* [Directions for this task] Where the records below show a line containing "Scoop Neck Tank", start copying; end with the line containing "Chandra Rugs Avalisa", and copy it too.

* [Source data]
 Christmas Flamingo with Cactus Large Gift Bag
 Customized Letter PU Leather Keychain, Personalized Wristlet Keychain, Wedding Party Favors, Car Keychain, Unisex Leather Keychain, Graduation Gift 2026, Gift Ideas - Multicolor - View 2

---

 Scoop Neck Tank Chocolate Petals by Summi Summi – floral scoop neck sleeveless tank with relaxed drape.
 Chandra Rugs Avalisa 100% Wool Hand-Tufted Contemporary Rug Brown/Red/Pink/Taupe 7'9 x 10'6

* [Reply]
 Scoop Neck Tank Chocolate Petals by Summi Summi – floral scoop neck sleeveless tank with relaxed drape.
 Chandra Rugs Avalisa 100% Wool Hand-Tufted Contemporary Rug Brown/Red/Pink/Taupe 7'9 x 10'6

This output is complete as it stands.